Vous pouvez toujours compter sur le gouvernement pour tirer profit d’une crise, qu’elle soit légitime ou fabriquée.

Cette pandémie de coronavirus ne fait pas exception à la règle.

Non seulement les gouvernements détruisent le tissu constitutionnel de la nation avec des décrets de verrouillage qui portent atteinte à nos libertés, mais ils rendent également les citoyens totalement dépendants du gouvernement pour les aides financières, les interventions médicales, la protection et la subsistance.

Ludovic Marin/Pool via REUTERS

Si nous ne trouvons pas un moyen de contenir les prises de pouvoir du gouvernement, les retombées seront épiques.

Tout ce dont j’ai mis en garde depuis des années : la portée excessive du gouvernement, la surveillance invasive, la loi martiale, l’abus de pouvoir, la police militarisée, la technologie armée utilisée pour suivre et contrôler les citoyens, etc.

L’exploitation éhontée par le gouvernement d’urgences nationales passées à ses propres fins malveillantes n’est rien en comparaison de ce qui se passe actuellement.

Personne ne devrait donc s’étonner que le gouvernement Macron ait demandé l’état d’urgence sanitaire pour lui permettre de suspendre changer et modifier la loi chaque fois qu’il le jugera nécessaire pendant cette pandémie de coronavirus et d’autres urgences.

C’est cette partie « autres » urgences qui devrait particulièrement vous faire réfléchir, voire vous inciter à agir immédiatement (par action, j’entends un cri fort et fort, apolitique et non partisan, et une résistance soutenue, apolitique et non partisane).

En fait, le ministère de la justice a tranquillement fait le tour de la question et testé une longue liste de pouvoirs terrifiants qui passent outre à la Constitution.

Il s’agit de pouvoirs de verrouillage, de détenir indéfiniment des citoyens français, de contourner les tribunaux, de mettre en quarantaine des communautés entières ou des segments de la population, de passer outre la loi en interdisant les rassemblements religieux et les assemblées de plus de quelques personnes, de fermer des industries entières et de manipuler l’économie, de museler les dissidents, « d’arrêter et de saisir tout avion, train ou automobile pour empêcher la propagation de maladies contagieuses », de remodeler les marchés financiers, de créer une monnaie numérique (et donc de restreindre davantage l’utilisation de l’argent liquide), de déterminer qui doit vivre ou mourir…

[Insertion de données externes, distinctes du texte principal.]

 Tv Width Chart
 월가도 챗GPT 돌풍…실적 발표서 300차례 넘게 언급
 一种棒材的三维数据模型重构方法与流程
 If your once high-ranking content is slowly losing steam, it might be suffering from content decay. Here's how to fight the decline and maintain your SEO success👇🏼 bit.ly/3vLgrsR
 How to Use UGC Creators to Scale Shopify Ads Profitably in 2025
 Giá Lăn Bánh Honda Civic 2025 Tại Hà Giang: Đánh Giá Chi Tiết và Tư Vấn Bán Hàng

Cette pandémie actuelle est un test pour voir si notre engagement envers les principes inscrits dans ce nouveau mode peut survivre à une crise nationale et à un véritable état d’urgence.

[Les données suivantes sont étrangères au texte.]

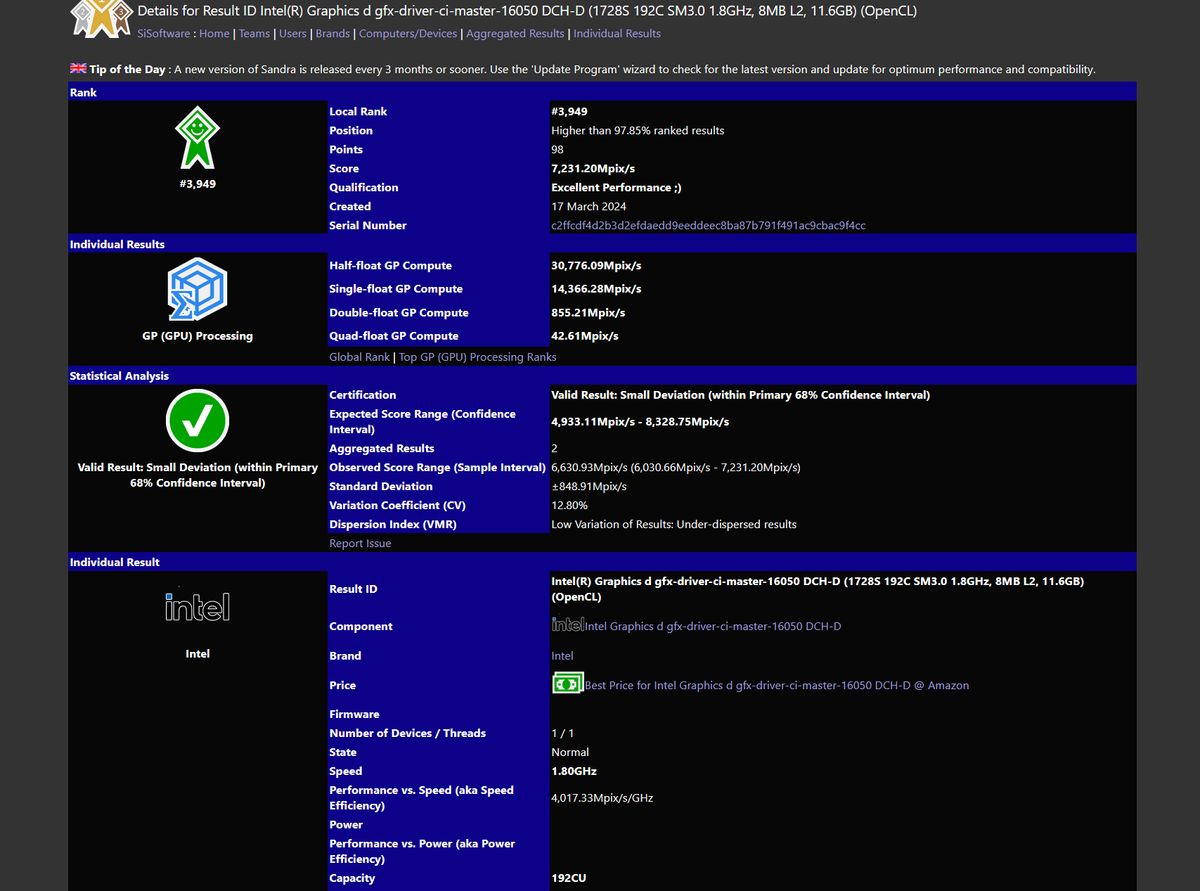 Intel Arc - baza SiSoftware
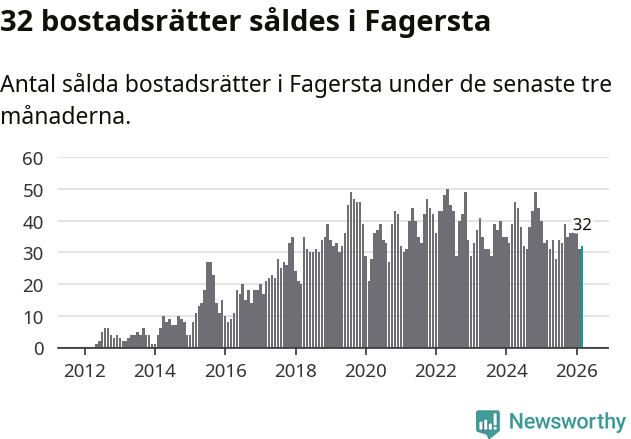 Graf: Antal sålda bostadsrätter i Fagersta kommun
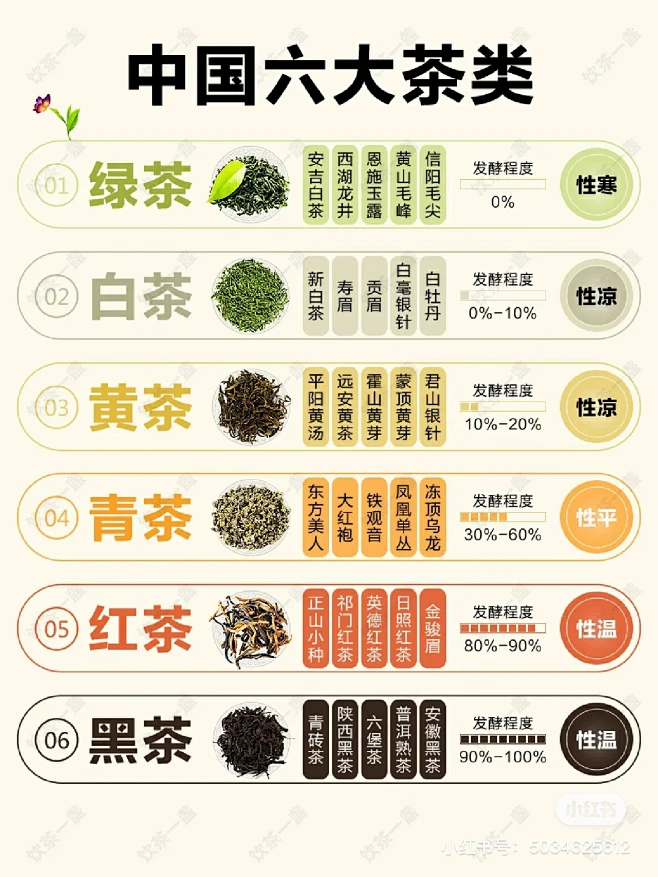中国六大茶类及工艺、冲泡、保存知识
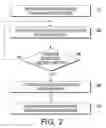 Fig. 03 - Physical token for supporting verification of human presence in an online environment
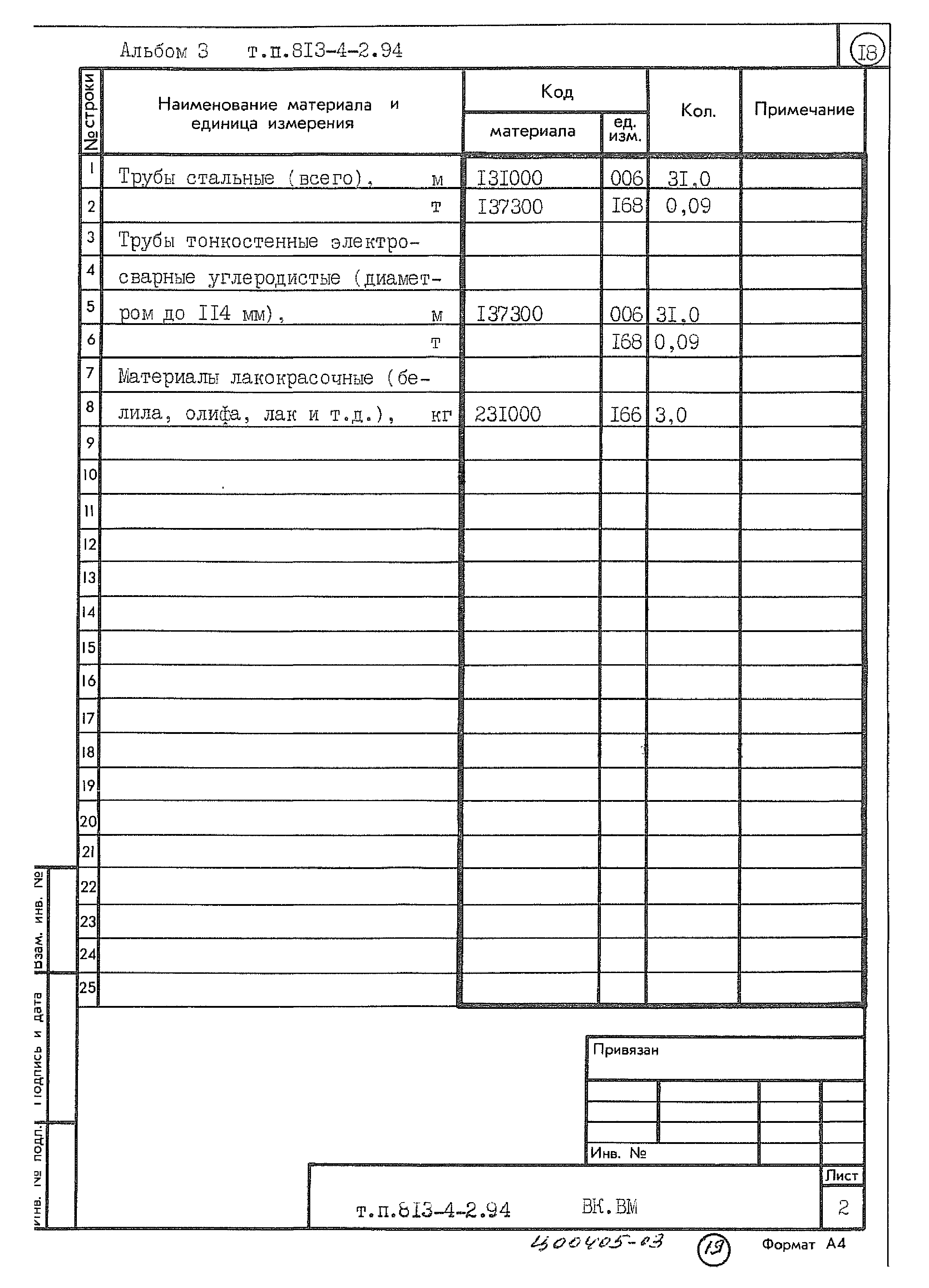 Типовой проект 813-4-2.94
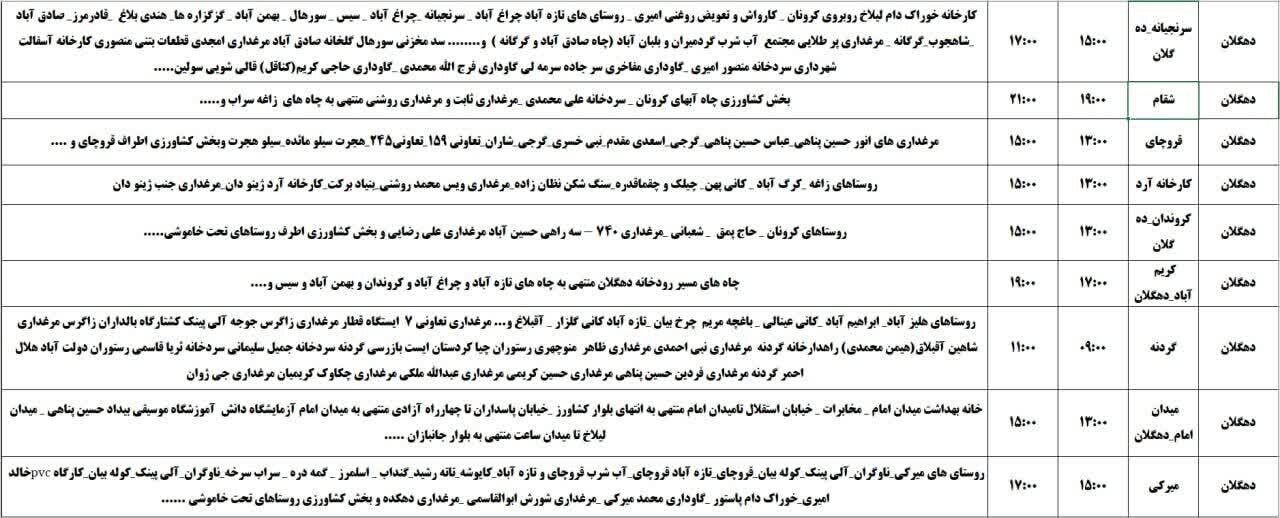 برنامه قطعی برق کردستان روز سهشنبه ۲۰ خرداد + جدول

Voici ce que nous savons : quelle que soit la soi-disant menace qui pèse sur la nation qu’il s’agisse de troubles civils, d’actes terroristes présumés ou de la menace d’une pandémie mondiale dans le cas de COVID-19 ; le gouvernement a tendance à tirer parti des émotions, de la confusion et de la peur accrues de la nation pour étendre la portée d’un État policier autoritaire.

Cette épidémie de coronavirus, qui a fait sortir de l’ombre la surveillance Orwellienne de la Chine et a amené l’Italie à déclarer un verrouillage national, menace de faire apparaître en France un nouveau mode de vie à une échelle que nous n’avons jamais vue auparavant.

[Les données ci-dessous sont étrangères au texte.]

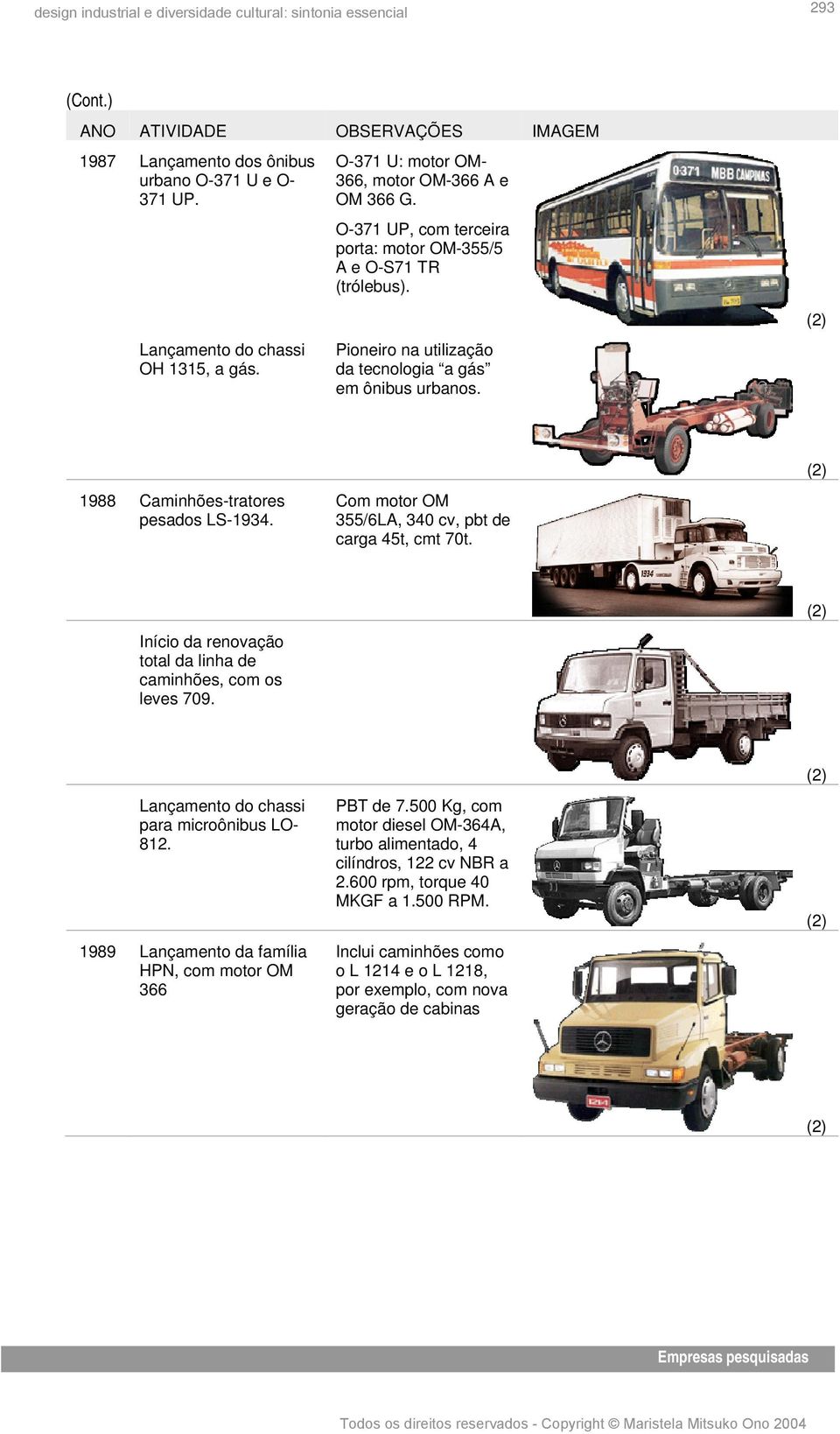 1988 Caminhões-tratores pesados LS-1934. Com motor OM 355/6LA, 340 cv, pbt de carga 45t, cmt 70t. Início da renovação total da linha de caminhões, com os leves 709.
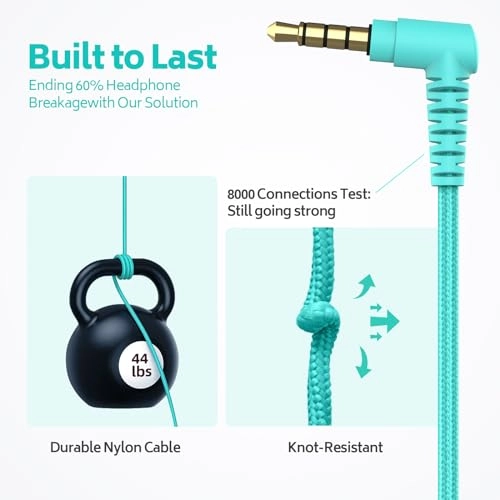 I35PACK Wired Headphone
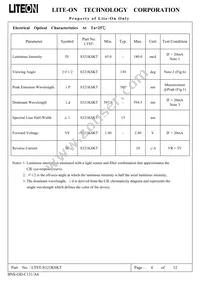 LTST-S321KSKT Datasheet Page 4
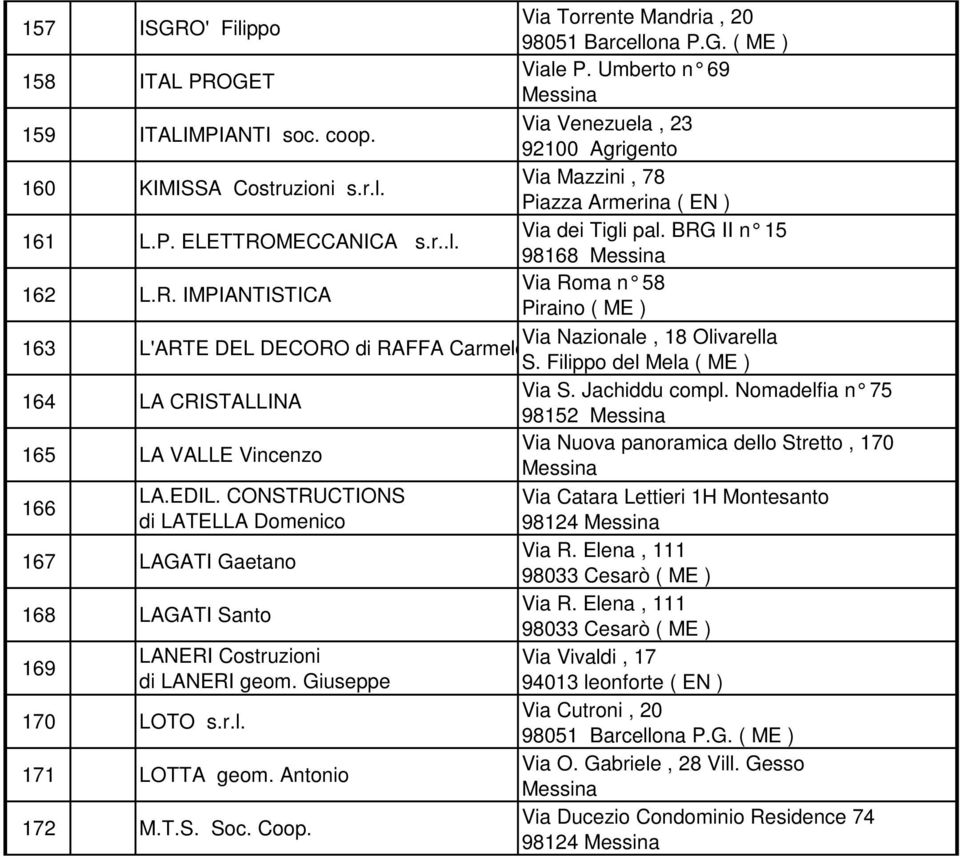 Filippo del Mela ( ME ) 164 LA CRISTALLINA Via S. Jachiddu compl. Nomadelfia n 75 98152 165 LA VALLE Vincenzo Via Nuova panoramica dello Stretto, 170 166 LA.EDIL.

Chaque jour, de nouvelles restrictions draconiennes sont imposées par les organes gouvernementaux (la plupart par le biais de décrets) au niveau local, régional ou national, qui sont désireux de faire preuve de souplesse pour le soi-disant « bien » de la population.

C’est là que nous courons le risque de voir toute cette opération de nuit dérailler complètement.

C’est une chose de tenter une expérience de distanciation sociale afin d’aplatir la courbe de ce virus, car nous ne pouvons pas nous permettre de risquer de submerger les hôpitaux et d’exposer les plus vulnérables de la nation à des scénarios de pertes de vie inévitables. Toutefois, la frontière est mince entre les suggestions fermes de rester volontairement chez soi et les ordonnances d’assignation à résidence sévères assorties de sanctions en cas de non-respect.

Les mesures mises en place concernant les droits acquis des salariés ont été modifiées par exemple, congés payés, temps de travail etc…

Le flicage via application pour l’attestation afin de vous pister.

J’espère que cette tribune vous fera réfléchir et vous permettre de vous réveiller après ce confinement pour vous rebeller et faire valoir vos droits.